Hi everyone, i'm having troubles with this chem problem.?
If you could, please give me step by step solution that way i understand it better thank you!
12.0 moles of gas are in a 3.00 L tank at 24.4 ∘C . Calculate the difference in pressure between methane and an ideal gas under these conditions. The van der Waals constants for methane are a=2.300L2⋅atm/mol2 and b=0.0430 L/mol.
- pisgahchemistLv 74 years ago
Real vs ideal gases......
For many situations we can treat gases as ideal gases, and use the ideal gas equation: PV=nRT
Gases often deviate from what is predicted by the ideal gas equation. We refer to them as "real" gases. The pressure of a real gas can be determined from the van der Waals equation and the empirically determined constants for that gas. The van der Waals constants for methane are a=2.300L2⋅atm/mol2 and b=0.0430 L/mol.
Methane as an ideal gas
P = nRT / V
P = 12.0 mol x 0.08206 Latm/molK x 297.55K / 3.00L
P = 97.7 atm ......... to three significant digits
Methane as a real gas
P = nRT/(V-nb) - (an²/V²)
P = 12.0 mol x 0.08206Latm/molK x 297.55K / (3.00 - 12.0(0.0430))L - (2.300 x 12.0² / 3.00²)atm
P = 81.5 atm
The difference is 16.2 atm. The real pressure is less than the ideal pressure because of the attraction between molecules of methane.
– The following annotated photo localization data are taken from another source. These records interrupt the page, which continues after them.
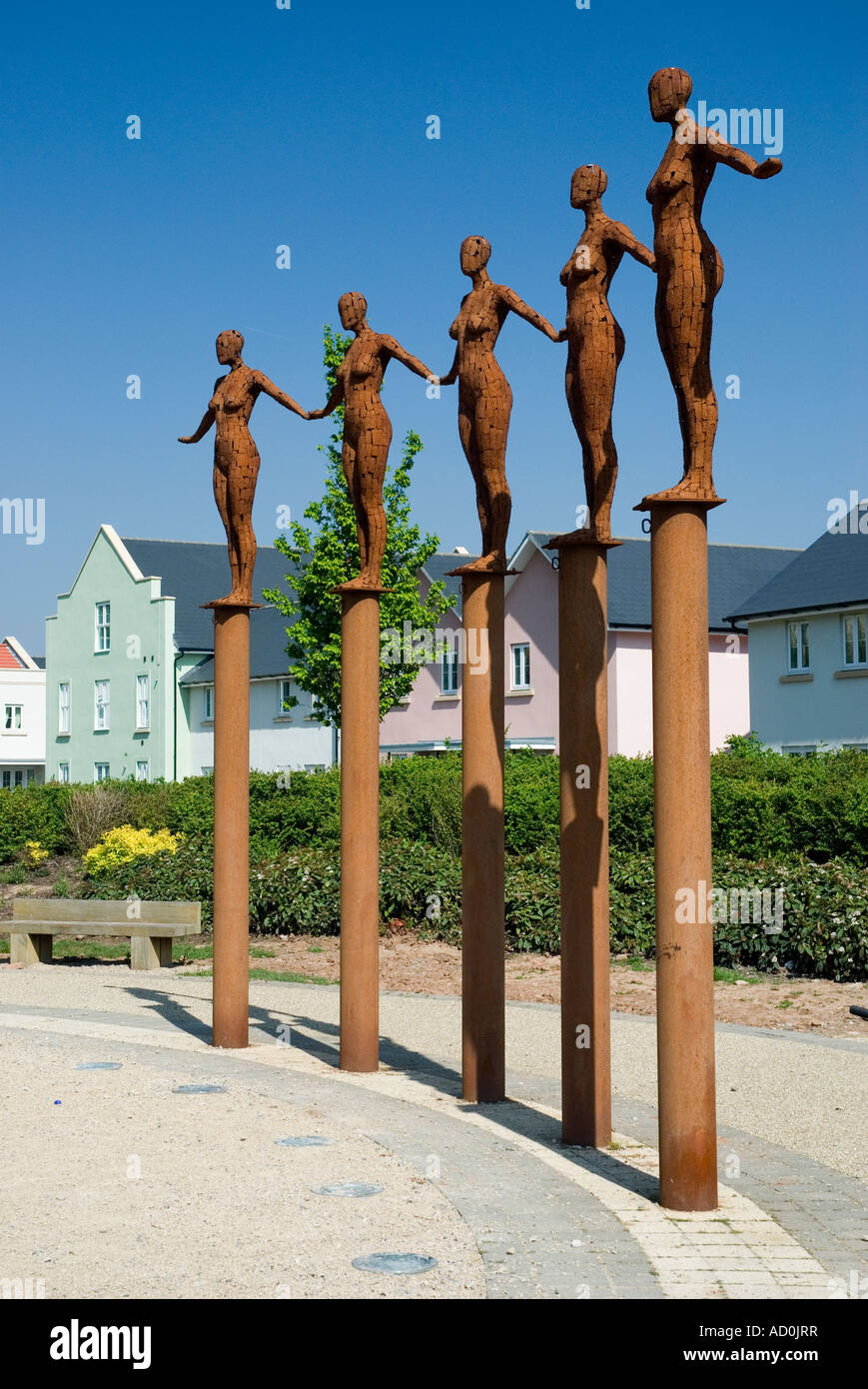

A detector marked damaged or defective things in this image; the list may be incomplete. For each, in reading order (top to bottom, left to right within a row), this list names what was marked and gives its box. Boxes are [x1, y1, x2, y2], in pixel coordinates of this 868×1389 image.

rusty metal sculpture [178, 332, 310, 608]
rusty metal sculpture [308, 296, 437, 588]
rusty metal sculpture [439, 237, 563, 568]
rusty metal sculpture [559, 166, 655, 548]
rusty metal sculpture [647, 66, 783, 500]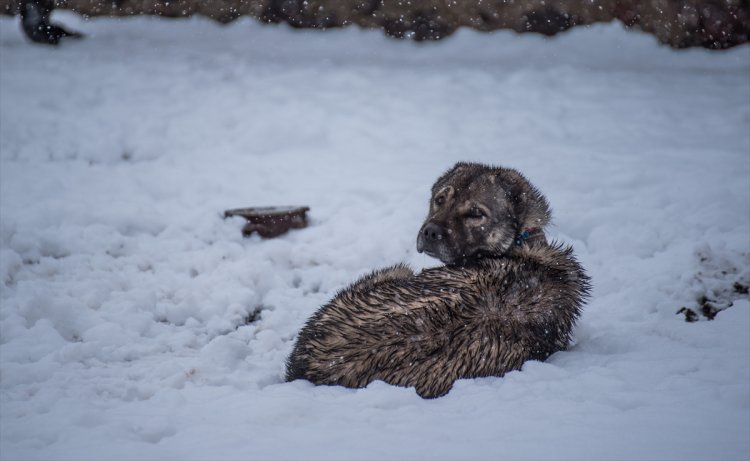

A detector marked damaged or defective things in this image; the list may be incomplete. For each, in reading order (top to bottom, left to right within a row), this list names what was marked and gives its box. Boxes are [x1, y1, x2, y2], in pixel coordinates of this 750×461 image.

rusty metal object [228, 207, 312, 239]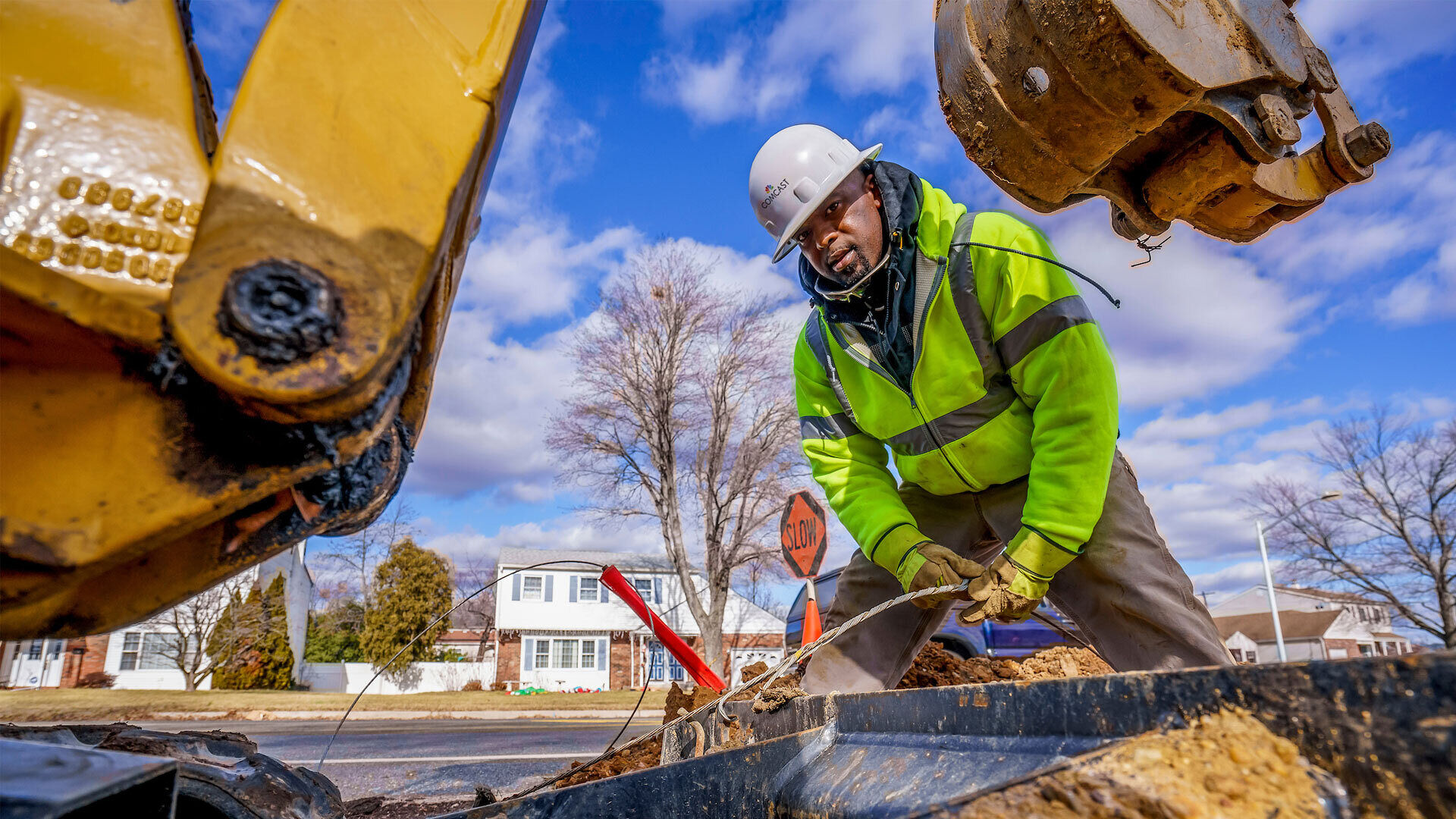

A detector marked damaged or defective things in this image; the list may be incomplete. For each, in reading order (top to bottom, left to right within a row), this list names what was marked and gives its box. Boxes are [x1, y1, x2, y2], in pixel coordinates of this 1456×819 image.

rusty metal attachment [937, 0, 1392, 242]
rusty metal attachment [218, 259, 344, 364]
Pressure is proportional to the number of collisions between the gas molecules and the walls of the container. Two factors are instrumental in causing the pressure to deviate from ideality:
1. Gas molecules are not points, but have finite volume and take up space. For low volumes the space occupied by the molecules themselves reduces the overall volume and causes the pressure to be greater than what the ideal gas equation predicts because the apparent number of collisions between the gas molecules and the walls of the container are greater.
2. Gas molecules are attracted to each other by intermolecular forces. The attraction serves to decrease the apparent pressure because the number of collisions between the gas molecules and the walls of the container will be reduced.